Read in that order. No incompletes or duds this year.

It’s my usual mix of science fiction (How to live…, Seveneves, Embassytown, Children of Dune), fantasy (Harry Potter, The Wise Man’s Fear) and historical fiction (Q, Golden Mean), with a dash of “coming of age” (The Cat’s Table). Purity and A Thousand Splendid Suns sit outside my wheelhouse and I thank my sister for those. I found ten of the thirteen novels at Value Village. Still rocking the serendipity-driven reading plan.

Children’s Fiction Read in 2016

Read with the girls:

Adventure!

Top Three Fiction Reads in 2016

Oh boy! Can I pick more than three? No?

Seveneves by Neal Stephenson

“As it turned out, imagining the fate of seven billion people was far less emotionally affecting than imagining the fate of one.”

The moon explodes. Within two years moon parts will rain down on earth, destroying the planet’s surface. 1,500 humans are selected to live in space, the other 7 billion will die. The only plan is to orbit earth and survive the 5000 year wait until the planet is re-habitable. The page count is worth it. Includes orbital-mechanics porn.

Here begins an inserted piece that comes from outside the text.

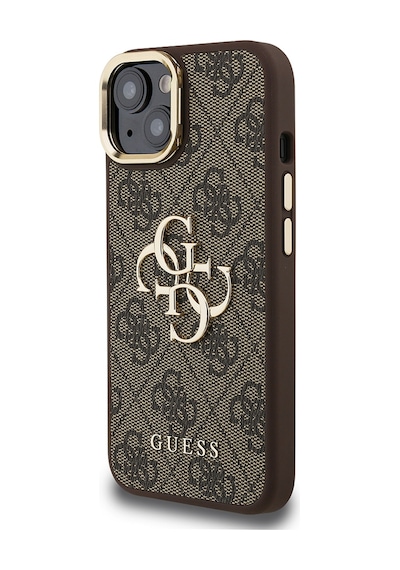 Apple Uyumlu iPhone 15 Kılıf Guess Lisanslı Metal 4g Ve Yazı Logolu Kamera Standlı Kapak Kahverengi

A Thousand Splendid Suns by Khaled Hosseini

Summarized in a quote and a poem:

“Learn this now and learn this well, my daughter: Like a compass needle that points north, a man’s accusing finger always finds a woman.”
- Khaled Hosseini

“Every street of Kabul is enthralling to the eye
Through the bazaars, caravans of Egypt pass
One could not count the moons that shimmer on her roofs
And the thousand splendid suns that hide behind her walls”
- 17th-century Iranian poet Saib Tabriz

Children of Dune by Frank Herbert

“The malady of indifference is what destroys many things. Yes, even civilizations die of it. It’s as though that were the price demanded for achieving new levels of complexity or consciousness.”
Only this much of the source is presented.